# This notebook is a continuation of the multicategory project to check working memory. 
## we are creating the rsvp paradigm with 5 images (target + 4 background), because the batches from experiment 1 resulted only in 30% subjects achiving above chance. 
## We are using the same raw data (located in the multicategory project folder) and the same taregt and distractor images (located aswell in that directory)


### We begin by choosing randomly new backround images (50 from each category).
### Then, we select a set of 4 different images for each target from different categories 
### finaly, we create 100 experimental csv files. 

In [1]:
import numpy as np
import pandas as pd 
from pathlib import Path
import matplotlib.pyplot as plt
import random
import os
import shutil
from itertools import chain
import seaborn as sns 

In [2]:
project_name_images = 'multicategory'
project_name_outputs = 'multicategory_working_memory'
PATH_TO_PROJECT = Path.cwd().parent.parent.parent / 'projects' / project_name_outputs
PATH_TO_IMAGES = Path.cwd().parent.parent.parent / 'projects' / project_name_images / 'raw data' 
PATH_TO_SAVE_CSV_FILES = PATH_TO_PROJECT/ 'experiment 2' / 'experiment resources' / 'csvs'
PATH_TO_SELECTED_IMAGES = PATH_TO_PROJECT/ 'experiment 2' / 'experiment resources' / 'images' / 'all experiment images'

### Load the selected targets and distractors names 

In [49]:
targets_and_distractors = pd.read_csv(PATH_TO_PROJECT/'targets_and_distractors.csv')

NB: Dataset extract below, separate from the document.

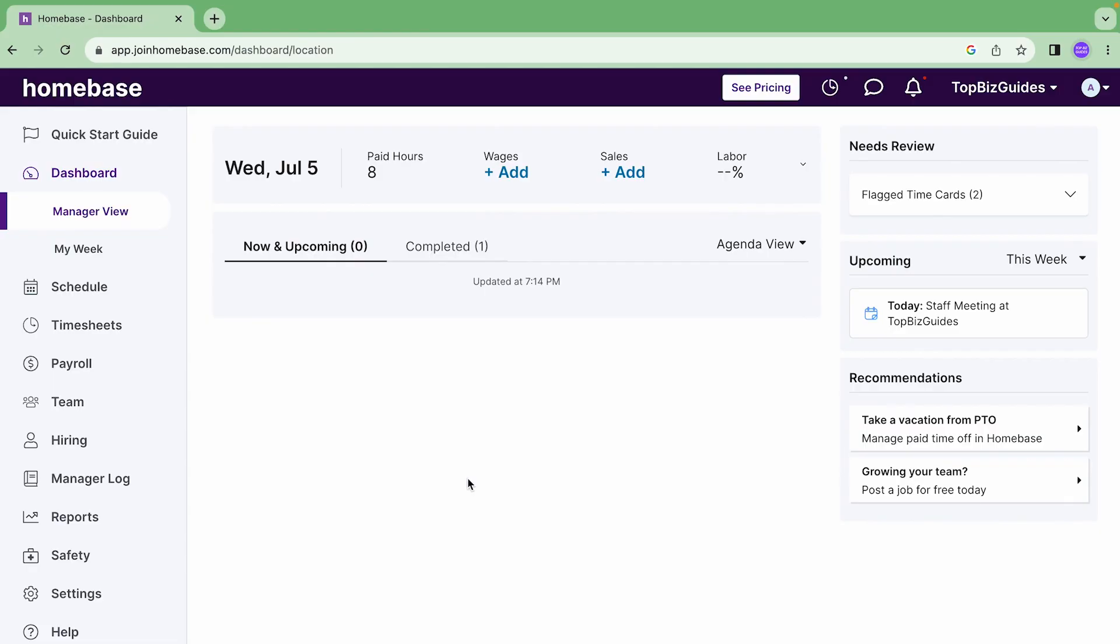Hello and welcome back to another TopBiz Guides tutorial. In this video I'm going to show you how you can copy, print, and export your schedule from your Homebase account.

### Select 40 random background images from each category

In [50]:
selected_images_names = list(targets_and_distractors.values.flatten())

In [51]:
def copy_images_to_folder(image_list, source_path,destination_folder):
    # Iterate over the image list and copy each image to the destination folder
    for image_name in image_list:
        cur_source_path = os.path.join(source_path, image_name)
        destination_path = os.path.join(destination_folder,image_name)
        shutil.copyfile(cur_source_path, destination_path)

In [52]:
select_random_background_images = True # if this is set to true, new images will be selected! 
                                        # this is done randomly so there will be more than 540 images in the folder.

cat_names = ['badlands','bridge','playground','mountain','highway','golf_course']
if select_random_background_images:
    for x in PATH_TO_IMAGES.iterdir():
        curr_cat = x.name
        if curr_cat in cat_names:
            all_cat_images = os.listdir(x)
            all_avaliable_images = set(all_cat_images) - set(selected_images_names)
            selected_backround_images = random.sample(all_avaliable_images,50)
            source_path = PATH_TO_IMAGES / curr_cat
            copy_images_to_folder(selected_backround_images,source_path,PATH_TO_SELECTED_IMAGES)
        

since Python 3.9 and will be removed in a subsequent version.
  selected_backround_images = random.sample(all_avaliable_images,50)


### Now we will create the subejct csvs 

In [53]:
all_images = os.listdir(PATH_TO_SELECTED_IMAGES)
optional_background_images = set(all_images) - set(selected_images_names)

In [80]:
for sub in range(100):
    curr_experiment_df = targets_and_distractors.copy()
    previosly_selected_backround_images = []
    # Function to select random value from dist_0 or dist_1 and assign distractor_level
    def select_random_distractor(row):
        target_image = row['target']
     
        selected_dist = row['selected_dist']
        image1 = random.choice([target_image,selected_dist])
        if image1 == target_image:
            image2 = selected_dist
            correct = 'left'
        else: 
            image2 = target_image
            correct = 'right'
        return pd.Series([image1,image2,correct])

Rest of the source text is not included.